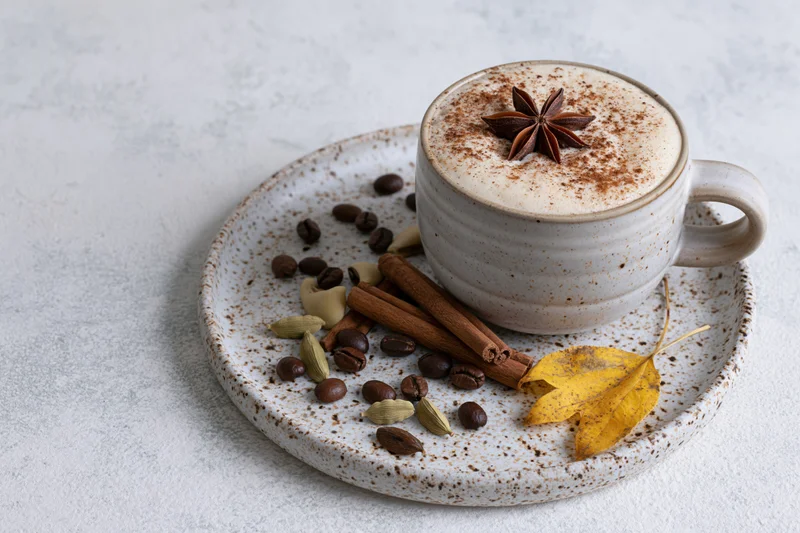 Ceramic mug of frothy spiced latte with cinnamon and star anise on speckled saucer surrounded by coffee beans and autumn leaf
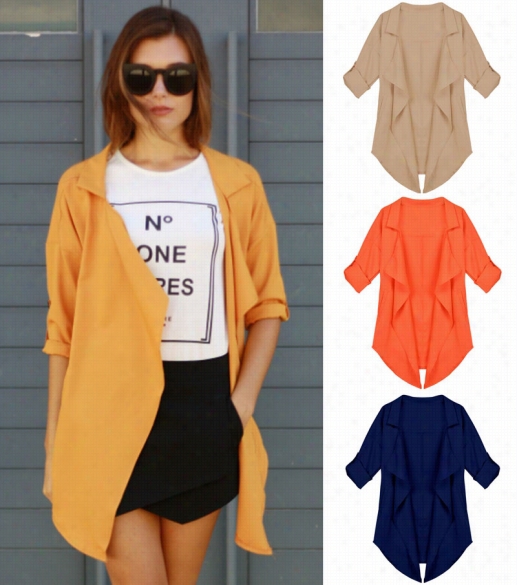 Fashion Casual Lady Women's Turndown Neck Half Sleeve Outwear Asymmetrric Loose Jacket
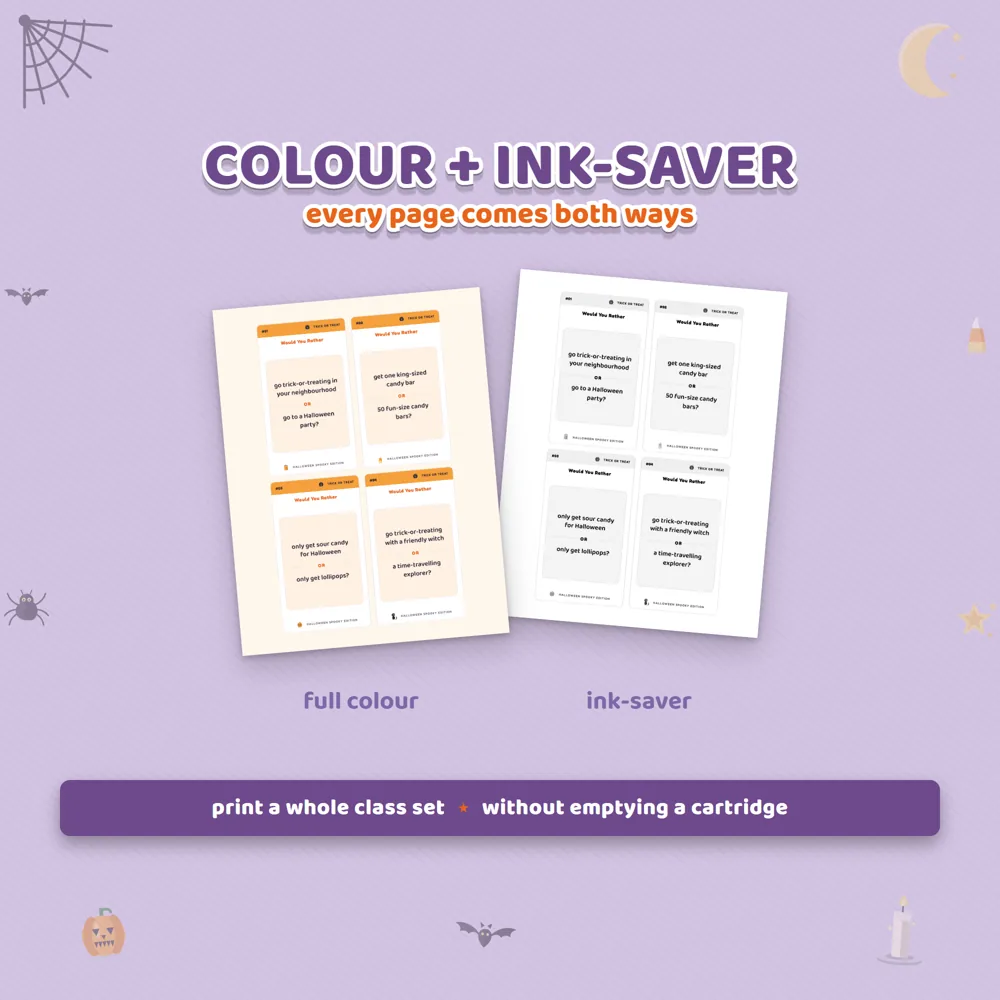 One page of four Halloween question cards shown twice, printed in full color on a cream background and in gray ink-saver on white, with a label under each version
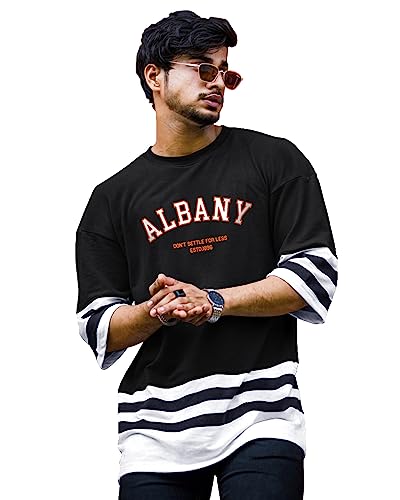 Image of EYEBOGLER Oversized Loose Baggy Fit Drop Shooulder Half Sleeves Cotton Blend Printed T-Shirt for Men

┄┄┄┄┄┄┄┄┄┄

Try it
Pictures excluded, output exactly the line that contains "Fashion Casual Lady" and every line after it to the end of the data above.

Written response
 Fashion Casual Lady Women's Turndown Neck Half Sleeve Outwear Asymmetrric Loose Jacket
 One page of four Halloween question cards shown twice, printed in full color on a cream background and in gray ink-saver on white, with a label under each version
 Image of EYEBOGLER Oversized Loose Baggy Fit Drop Shooulder Half Sleeves Cotton Blend Printed T-Shirt for Men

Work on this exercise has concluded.